- Buckhorn Springs Buckhorn Springs
- Coordinates: 42°06′19″N 122°31′54″W﻿ / ﻿42.10528°N 122.53167°W
- Country: United States
- State: Oregon
- County: Jackson
- Elevation: 2,661 ft (811 m)
- Time zone: UTC-8 (Pacific (PST))
- • Summer (DST): UTC-7 (PDT)
- GNIS feature ID: 1637989

= Buckhorn Springs, Oregon =

Unincorporated community in the state of Oregon, United States

Buckhorn Springs is an unincorporated community in Jackson County, Oregon, United States. It lies along Emigrant Creek in the Siskiyou Mountains southeast of Ashland. Buckhorn Springs Road connects the community to Oregon Route 66 near Emigrant Lake.

The springs at this location are known for their cold, highly carbonated water. James C. Tolman, who acquired the property around the springs in the 1890s, built a small hotel here called Tolman Springs.
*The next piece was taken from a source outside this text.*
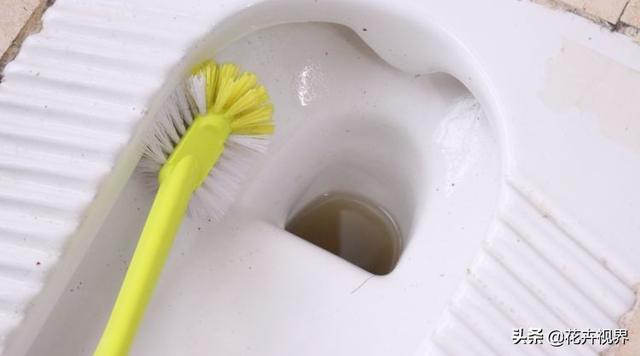 怎样去除便池里的黄污渍，去除便池里的黄锈（简单方法就洗得洁净如初）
Subsequent owners used the property, springs, and buildings in various ways: as a hunting retreat called Buckhorn Lodge; as a picnic stop for tourists who sometimes used the carbonated water to make soda pop; as a retreat with overnight cabins and mineral mud baths; as a health spa, as a private residence; as an inn, and after 1998 as the Buckhorn Springs Retreat Center.

Buckhorn Mineral Springs Resort was listed on the National Register of Historic Places in 1989. The site covers 95 acre and includes many structures in addition to the main lodge.